Long time no blog…
I’ve been busy lately working on adding a UI extension to Libgda: merging the good parts of Libgnomedb and Mergeant (which have not been kept up to date) into Libgda. This new UI “extension” will remain optional (built only if GTK+ is found) and includes:
- some data bound widgets (grid anf form views)
- some “administrative” widgets such as a login widget to enter credentials when opening a connection
- a reworked control center where one can manage named data sources (DSN) and check the list of installed database providers (drivers)
- a re-write of the browser tool usefull to analyse the structure of a database and run some statements; this a a kind of merge with the one which existed in Libgnomedb and Mergeant but with a much improved user interface.
This is now all in the master branch in git.gnome.org, works (except for some DnD) on Windows and MacOSX. Here are some screenshots of the new browser, taken using a PostgreSQL database.
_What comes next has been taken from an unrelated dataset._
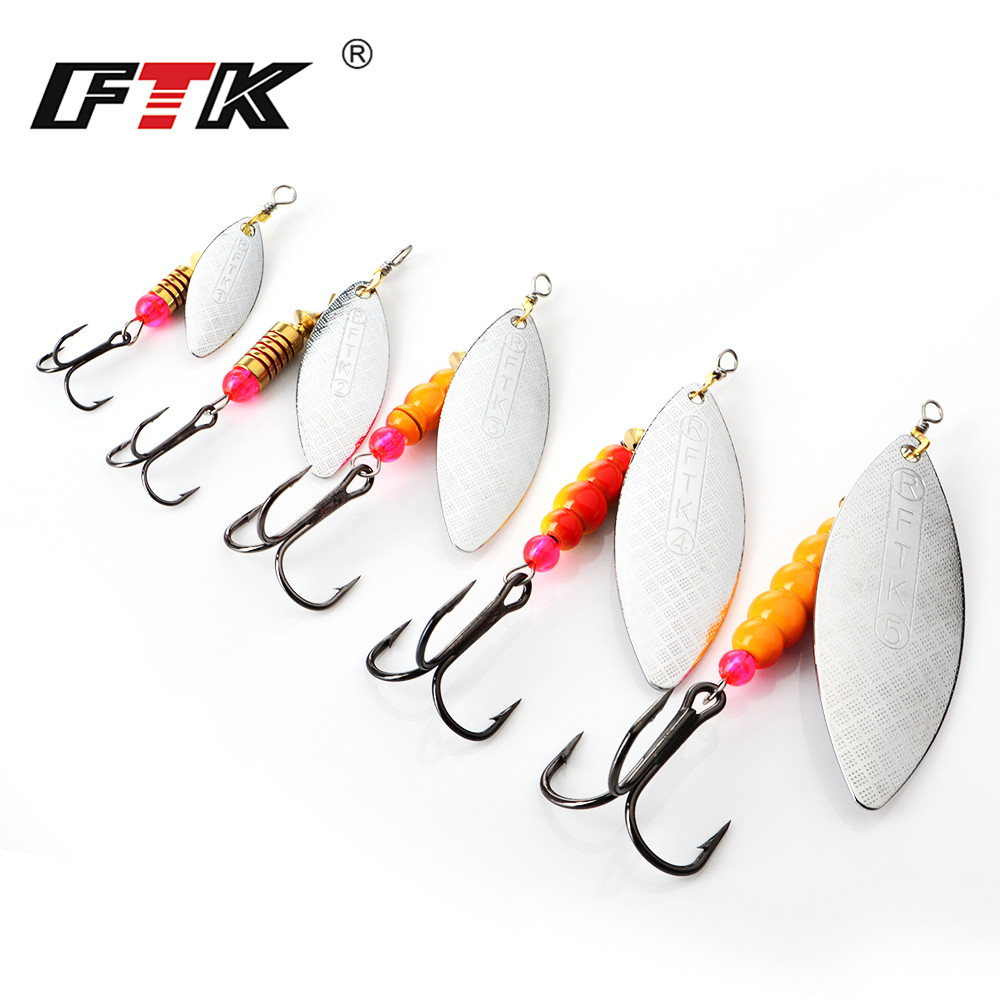 FTK Spinner Bait 4G/7G/12G/18G - Fishing Lure Swimbait recensione e prezzo
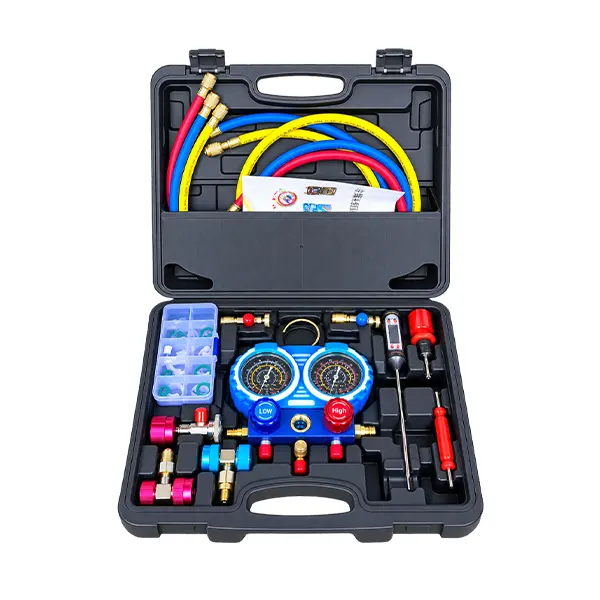 Bộ Đồng Hồ Nạp Gas Điều Hòa Ô Tô SP001051|TMTC 7 Bộ Đồng Hồ Nạp Gas Điều Hòa Ô Tô SP001051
One can open several connections at the same time in the browser, and for each connection, several windows can be opened. Each window displays a “perspective” (similar to Eclipse’s perspectives), and currently the schema browser perspective is implemented, which is shown below, more will come later (statements execution, reports, etc).
The shot above shows the index page where all the database objects are displayed (tables only for the moment), and the favorites bar on the left where one can drag n drop tables (or later other objects types) for quick access (the trashcan at the bottom is to remove favorites by dragging them on it). Clicking on a table opens a new tab as shown:
The shot above shows the details of table “products” with the traditional fields list and the constraints below (here clicking on the “warehouses” link opens yet another tab for the warehouses table). You can note in the bottom that when showing a table, it is also possible to display the table’s relations, ie. which table are referenced by the current table and which tables reference the current table, as show:
The shot above cleary shows that the “customers” table references the “locations” and “salesrep” tables and is itself referenced by the “orders” table. The canvas is drawn using GooCanvas and can be exported to PNG and SVG or printed.